I've been holding off getting the keyboard fixed on my MacBook Pro. Can't hold off anymore. I've a bunch of client photos including boudoir and nude that I've deleted. Secure erase is no longer available for SSD's since in theory that cannot be done with SSD's due to how sectors are dynamically allocated including a somewhat large (20%?) buffer area for load leveling. So, these are just basic deleted.

I'd really really hate for someone at Apple to somehow recover one of these files and it get out. Any thoughts on how likely that is and what I can do?  Pretty much everything I've found says it can't be done and to use FileVault. Too late for that? And I assume that Apple will need my PW for fixing my machine and will therefore have access to everything within FileVault? Or will FileVault effectively overwrite the entire disk including the leveling buffer and so anything deleted prior will now be securely erased? 

On a side note, once encrypted with FileVault, is anything that is deleted now securely deleted so that even if someone has the PW they'd not be able to recover them?

Thanks,


----------



## Hal P Anderson (May 21, 2019)

You could try almost filling the SSD with a bunch of files and then deleting them. That ought to hit most places on the disk. Probably what's left won't hold much of a photo. Evidently that's what will happen if you use your Mac's Diskutil in terminal mode:

sudo diskutil secureErase freespace 0 "/Volumes/[Disk Name]"

That said, I doubt a technician would go to the trouble of extracting deleted images from your computer. It seems likely that that would be a firing offense.

Here's a pretty competent open source encryption program:    VeraCrypt - Free Open source disk encryption with strong security for the Paranoid


----------



## LRList001 (May 29, 2019)

If you can get to a command prompt, then first delete the files and second use dd (Unix/Linux systems) or cipher (Windows systems) to wipe the free space.

dd if=/null/zero of=anynameyoulike  (make sure you have changed your directory location (cd) to be on the disk you want to wipe, du will tell you what is mounted)
cipher /W:C:  (C: is the drive with space to erase, use which ever disk drive letter you want)
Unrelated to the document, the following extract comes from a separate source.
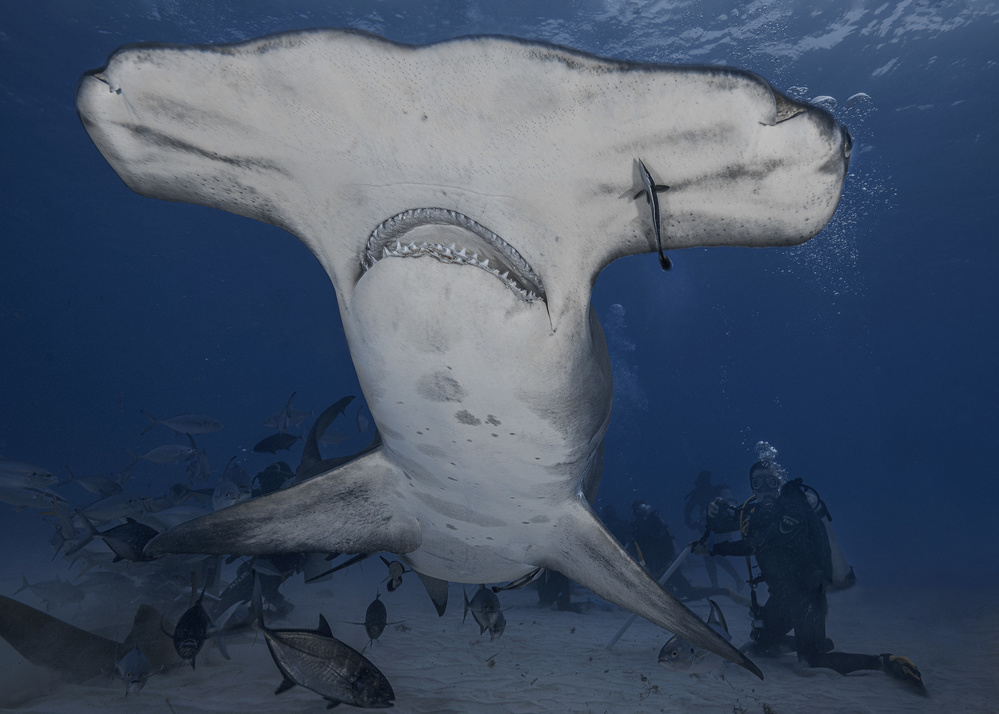 Dive with Giant (hammerhead shark in wild ocean) von Jennifer Lu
The dd command is using /dev/zero (if means input file) to fill a file called anynameyoulike (of means output file) with nothing.  You will run out of disk space, delete the anynameyoulike file when finished (using rm anynameyoulike).  If you search for the dd command using your favourite search engine, you will find additions to the dd command such as bs (blocksize) and other odds and ends.  You could set bs=1024 in the command if you like, to erase images it won't matter much.  Make sure the file name you use (anynameyoulike) doesn't already exist (ls).

In windows, the cipher command /W: fills blank space and needs to know which disk, in this case C:, use the drive letter you want.  Cipher runs three times, for a SSD you could stop it after the first run (ctrl-c).  As with any windows command, type cipher /? to get a help page on the command.

As already suggested, another option is to whole disk encrypt and then lose the key.  (The partitions can be deleted, so this does not scrap the drive, it can be reused by deleting the partitions and then creating new, it does erase the WHOLE partition/drive though!)


----------



## LRList001 (May 29, 2019)

Oops, first time should read:
dd if=/dev/zero of=anynameyoulike  (make sure you have changed your directory location (cd) to be on the disk you want to wipe, du will tell you what is mounted)


----------